US Fed raises interest rates
As expected, the US Federal Reserve has finally increased the interest rates by 25 basis points, for the first in seven years, after when the Wall Street collapsed following deep financial crisis during 2008.
The move signals end of seven-year recession
- India well prepared to deal with the impact
- Capital outflow is expected, though not alarming, says Rangarajan
- CEA says India is relatively well cushioned
Hyderabad: As expected, the US Federal Reserve has finally increased the interest rates by 25 basis points, for the first in seven years, after when the Wall Street collapsed following deep financial crisis during 2008.
"The Federal Open Market Committee decided to raise the target range for the federal funds rate by one quarter percentage point bringing it to one quarter to one-half per cent," US Federal Reserve Board Chairwoman Janet Yellen said.
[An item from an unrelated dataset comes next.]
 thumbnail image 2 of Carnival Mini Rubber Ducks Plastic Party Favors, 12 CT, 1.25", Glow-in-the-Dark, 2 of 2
Although for months, Chair Janet Yellen and other Fed officials have said that they expected any rate hikes to be small and gradual. Further, she hints that future rate hikes may be made with low pace only after the economy shows up its strength coupled with muted inflation rise.
The federal rate is the interest rate at which one bank lends funds maintained at the Fed Res to another bank on an overnight basis. It acts as a sort of a benchmark for the interest rates that banks charge on their short and medium term loans. However, the rates on the mortgages and car loans aren't expected to rise much soon, say the analysts.
Meanwhile, the Finance Ministry said that India is well prepared to deal with the impact of the US interest rate hike. "US Fed rate hike and reference to gradualism are on expected lines. India well prepared," Economic Affairs Secretary Shaktikanta Das tweeted. While Chief Economic Advisor Aravind Subramanian says the rate hike impart will be minimal on stock markets and India is relatively well cushioned.
On the other hand, former RBI Governor C Rangarajan, who is in Hyderabad, points out that the country may see some capital outflow besides weakness in stock markets. However, he adds that the negative impact (though) is not expected to be severe.